In January there was an announcement on the OSM mailing list that in the past few months many connectivity errors in the United States OSM dataset had been fixed. Probably a lot of these fixes can be attributed to Martijn’s Maproulette website or to Geofabrik’s OSM Inspector (OSMI) Routing View. However, a short discussion started on the mailing list about the total number of errors that are left and how long it would take to fix all those errors. Thus, we downloaded four OSM planet files dated Jan 4th 2012, June 13th 2012, Jan 2nd 2013 and Jun 2nd 2013 to get some new results. After cutting the United States dataset from the planet files, we used the same algorithm as utilized in OSMI’s Routing View, to receive some stats about the street network of the US datasets.
First of all the, the following image shows the number of errors for each dataset that we included in the analysis. The errors that were detected are separated into unconnected and duplicate ways. You can find some additional information about both error types here.
As you can see, the number of unconnected OSM ways has been rapidly reduced in the past 17 months from around 141,000 to 19,000. The number of “duplicate way” errors has been reduced from 17,500 to 11,500. You can find the exact numbers in the following table and an updated error layer on the mentioned OSMI website. In certain cases the duplicate way error created several errors for one and the same way. For these particular cases the number of unique OSM way IDs were counted.
Date – Unconnected Ways – Duplicate Ways
- Jan 4th, 2012 – 141,578 – unique 17,563 (overall errors: 535,923)
- June 13th, 2012 – 145,468 – unique 17,977 (overall errors: 518,536)

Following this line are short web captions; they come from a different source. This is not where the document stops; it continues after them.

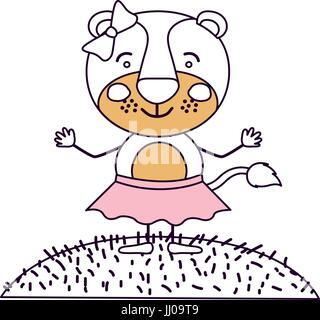 silhouette color sections scene sky landscape and grass with caricature cute expression lioness in skirt with bow lace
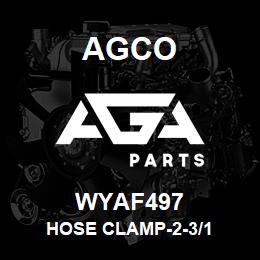 WYAF497 Agco HOSE CLAMP-2-3/1 | AGA Parts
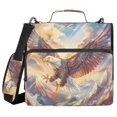 thumbnail image 1 of Haosy 3 Ring Zipper Binder with Shoulder Strap Waterproof Trapper Keeper 2 Inch D-Ring 500 Sheets Capacity, Snow Mountain and Eagle, 1 of 8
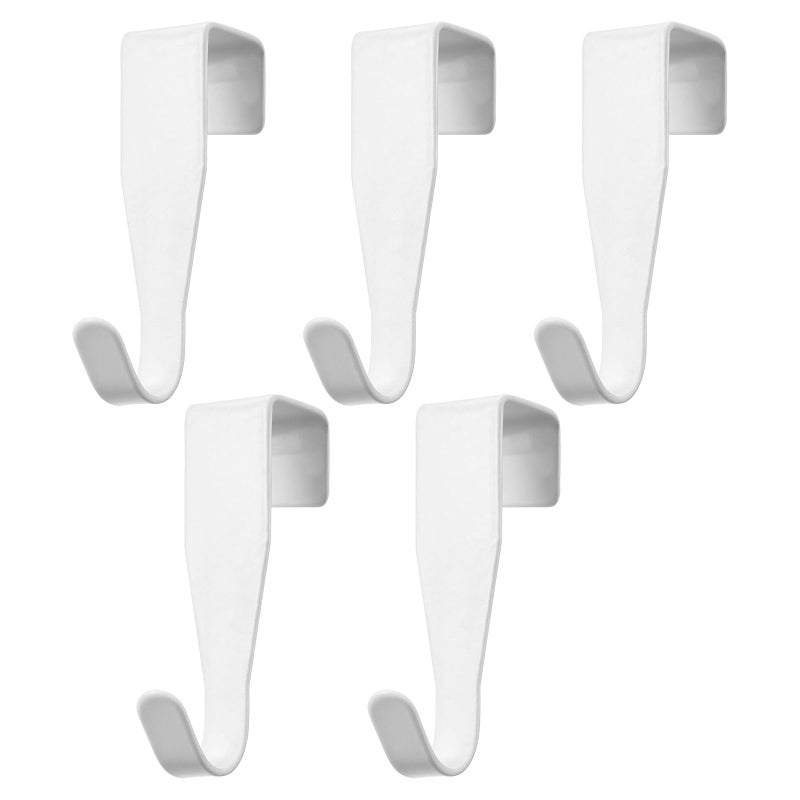 YBEATY 5 Pcs Over Cabinet Door Hooks Sturdy Single Metal Over Door Hanger Electroplate Metal Hook Cabinet Storage Hook for Hanging Towels Clothes Bags Cubicle Bathroom Use - Image 1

- Jan 2nd, 2013 – 15,911 – unique 12,287 (overall errors: 257,388)
- Jun 2nd, 2013 – 19,073 – unique 11,582 (overall errors: 220,451)
Overall the length of the US street network did not really change a lot. At the beginning of 2012 it was around 11.07 million km while in 2013 it is 11.1 million km, which means an increase of around 30,000 km. The following image shows the distribution of the US street network divided by different OSM road classes.
The length of the residential roads is still decreasing (-496,000 km), similar to what we saw during the analysis for our paper, while the length of the other road types (+276,000 km) and secondary/tertiary roads (+205,000 km) is increasing. This is the result of a massive retagging process of the imported TIGER/Line dataset in OSM. Dennis mentioned this already in his SotM US 2012 presentation. Motorways also experienced an increase of around +44,000 km in 2012. You will find some additional, quite interesting statistics, charts and of course maps in the aforementioned journal publication. In particular a few more thoughts and facts about the effect and impact of data imports on OSM can be found in our research study about the United States OSM dataset.